**Exercise aim**.
Pull each line holding the word "floor" from the data.

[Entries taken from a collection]

[Start of section]

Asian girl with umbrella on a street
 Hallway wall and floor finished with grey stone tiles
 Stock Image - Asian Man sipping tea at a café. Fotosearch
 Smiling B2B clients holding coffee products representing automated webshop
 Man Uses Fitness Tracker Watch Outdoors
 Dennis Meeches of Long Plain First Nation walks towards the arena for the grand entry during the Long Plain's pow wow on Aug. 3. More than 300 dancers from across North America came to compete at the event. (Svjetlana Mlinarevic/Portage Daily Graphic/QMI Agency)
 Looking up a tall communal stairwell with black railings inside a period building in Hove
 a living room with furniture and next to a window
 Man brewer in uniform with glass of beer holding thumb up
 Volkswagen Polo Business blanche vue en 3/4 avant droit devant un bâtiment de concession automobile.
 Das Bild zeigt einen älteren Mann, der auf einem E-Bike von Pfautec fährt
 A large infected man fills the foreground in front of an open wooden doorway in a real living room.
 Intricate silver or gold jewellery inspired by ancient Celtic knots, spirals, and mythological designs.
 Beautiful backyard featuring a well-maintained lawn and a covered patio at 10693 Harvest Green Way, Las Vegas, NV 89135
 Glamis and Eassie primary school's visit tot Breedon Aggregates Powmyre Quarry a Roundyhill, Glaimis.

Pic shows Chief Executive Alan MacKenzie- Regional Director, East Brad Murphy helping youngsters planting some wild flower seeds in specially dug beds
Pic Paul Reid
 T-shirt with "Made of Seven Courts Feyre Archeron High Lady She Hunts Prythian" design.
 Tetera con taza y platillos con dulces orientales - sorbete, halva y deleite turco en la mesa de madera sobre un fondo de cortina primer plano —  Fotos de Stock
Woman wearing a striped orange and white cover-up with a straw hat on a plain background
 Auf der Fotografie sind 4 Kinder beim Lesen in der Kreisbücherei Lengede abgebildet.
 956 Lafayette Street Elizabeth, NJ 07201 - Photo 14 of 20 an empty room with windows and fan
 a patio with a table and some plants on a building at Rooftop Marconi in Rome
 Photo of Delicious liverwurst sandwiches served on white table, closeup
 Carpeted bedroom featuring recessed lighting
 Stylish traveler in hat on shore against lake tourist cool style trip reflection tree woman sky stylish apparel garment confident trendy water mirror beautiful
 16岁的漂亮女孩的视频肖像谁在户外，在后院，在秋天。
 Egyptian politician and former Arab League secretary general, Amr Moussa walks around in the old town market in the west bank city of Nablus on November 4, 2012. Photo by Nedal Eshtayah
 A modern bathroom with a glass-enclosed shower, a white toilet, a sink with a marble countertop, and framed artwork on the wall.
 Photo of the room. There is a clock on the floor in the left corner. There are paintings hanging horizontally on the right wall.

[End of section]

**Task solution**.
 Hallway wall and floor finished with grey stone tiles
 Photo of the room. There is a clock on the floor in the left corner. There are paintings hanging horizontally on the right wall.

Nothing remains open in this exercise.